Desafios e lições aprendidas
Prontidão e flexibilidade operacional. Esses são dois de alguns dos desafios e das lições aprendidas pela AvEx diante das ações realizadas para mitigar a dor e restaurar a situação de normalidade no RS.
A prontidão reflete em toda uma cadeia que vai da logística ao operacional, passando pelo treinamento e pela doutrina num sistema complexo que deve trabalhar em sincronia para que tudo aconteça da melhor e da forma mais segura possível.
“Numa tragédia vidas foram perdidas, propriedades foram devastadas e as famílias tentam se manter e se reestruturar com o que sobrou. Apesar de estarmos no caos, o planejamento não pode e não deve ser caótico e isso é sempre um desafio. A segurança deve ser mantida acima de tudo, pois estamos naquele lugar para resolver as coisas e não para trazer mais problemas. Por outro lado, temos que pensar sempre na flexibilidade como algo primordial pois, naquela situação, tudo pode acontecer, como foi o caso do resgate de uma família dentro da casa que, ao ver o tripulante da AvEx, entregou o bebê nas mãos dele. Essa criança, de meses de vida, foi a primeira a embarcar no helicóptero por meio do guincho e precisava ser cuidada até a chegada dos seus familiares.
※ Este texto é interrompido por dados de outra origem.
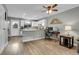 Bright kitchen with white cabinetry and stainless appliances adjacent to living room at 9615 W Chatfield Ave # C, Littleton, CO 80128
Outro caso emblemático foi a utilização de Sistemas de Aeronaves Remotamente Pilotadas (SARP) de categorias 0 e 1 do EB na busca por pessoas ilhadas ou precisando de ajuda. Um dos SARP encontrou uma família isolada, na área urbana de Porto Alegre, que depois de se comunicar identificou-se a necessidade de resgatar essas pessoas. Um HM-3 Cougar do 2º BAvEx chegou pouco tempo depois e conseguiu retirar todos daquela área. Isso é utilizar o recurso de forma racional e eficiente, com os helicópteros atuando onde realmente precisa e o SARP fazendo uma busca mais ampla. E para a Taquari, e para outras situações que estamos, e temos que estar, preparados”, finalizou o tenente-coronel Santos.